Re: Question: How is BPF Token supposed to work?

Andrii Nakryiko <andrii.nakryiko@xxxxxxxxx> · Fri, 19 Jul 2024 11:38:56 -0700

On Tue, Jul 16, 2024 at 6:46 AM Dave Tucker <dave@xxxxxxxxxxxxx> wrote:
>
> Hi,
>
>
> I’m attempting to implement BPF Token support in Aya using the implementation in
> libbpf and the kernel selftests as a reference. However, I’m hitting issues.
>
> I'm performing the following operations:
>
> 1. Creating a bpffs (using fsopen, fsconfig, fsmount) for my UID/GID 1000 with
>    “any” prog/map/cmd allowed:
>
>    $ mount | grep /tmp/bpffs
>    none on /tmp/bpffs type bpf (rw,relatime,uid=1000,gid=1000,delegate_cmds=any,delegate_maps=any,delegate_progs=any,delegate_attachs=any)
>
> 2. I’m creating a new userns with bwrap:
>
>    bwrap --unshare-user --unshare-ipc --unshare-pid --unshare-net \
>        --unshare-uts --unshare-cgroup --uid 0 --gid 0 \
>        --bind /var/lib/images/fedora / --dev-bind /dev /dev \
>        --bind /tmp/bpffs /sys/fs/bpf --bind ${PWD} /home/dave \
>        --cap-add CAP_BPF --proc /proc -- /bin/bash
>

I'm not familiar with all the above. But see [0] for exact sequence of
steps necessary. FS object has to be created in child userns, passed
to privileged root userns, which will actually instantiate it, and
then pass that FS FD back to child userns.
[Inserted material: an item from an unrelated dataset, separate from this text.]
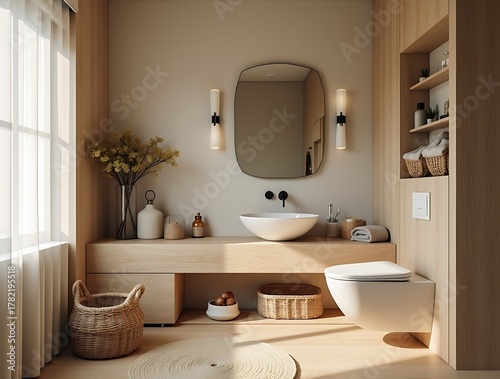 Contemporary Multi-Functional Bathroom with Natural Textures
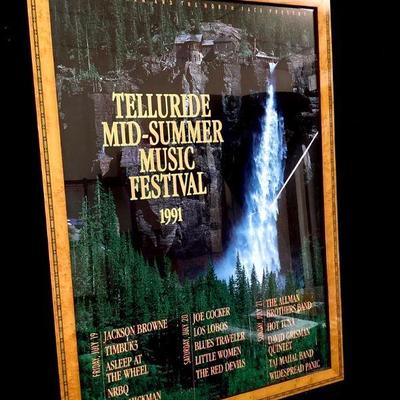 JIFI938 Telluride Mid-Summer Music Festival Promotional Poster	Vintage 1991. Â Beautiful quality frame, possibly mahogany tiger oak with...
This is mandatory so that bpffs captures unprivileged userns as owning
userns (but privileged root userns with CAP_SYS_ADMIN is necessary to
actually create/finalize such bpffs).

  [0] https://patchwork.kernel.org/project/netdevbpf/patch/20240124022127.2379740-17-andrii@xxxxxxxxxx/

> 3. I’m then executing my BPF application inside the userns:
>
>    ./xdp-test
>
>
> However, what I’m observing is that my program is failing to load.
> strace confirms I’m getting -EINVAL from BPF_TOKEN_CREATE.
>
> $ strace ./xdp-test
> ...
> open("/sys/fs/bpf", O_RDONLY|O_LARGEFILE|O_DIRECTORY) = 9
> bpf(BPF_TOKEN_CREATE, {token_create={flags=0, bpffs_fd=9}}, 152) = -1 EPERM (Operation not permitted)
> …
>
> I believe I have CAP_BPF inside the userns also:
>
> $ getpcaps 2 # pid of bash
> 2: cap_bpf=eip
>
> My machine is running on Kernel 6.9.4.
>
> The only difference I can see between my code and the selftest is that the
> selftest os performing the fsopen from within the userns, which looks like it
> is deliberate in order to check you can’t set delegation options from within
> the userns.

not just to check, but it's mandatory to capture owning userns

>
> It’s quite possible there’s a bug in my implementation but before I try the
> same operations with libbpf directly I’d really appreciate a sanity check
> that I’m using BPF Token in the correct way first.
>
> TL;DR
>
> If I create a bpffs in the init user ns, then bind mount it into a userns,
> will BPF Token work?
>
>

No, it won't. Also note that we currently disallow creating BPF token
in root userns.

> Thanks in advance,
>
> -- Dave
>
>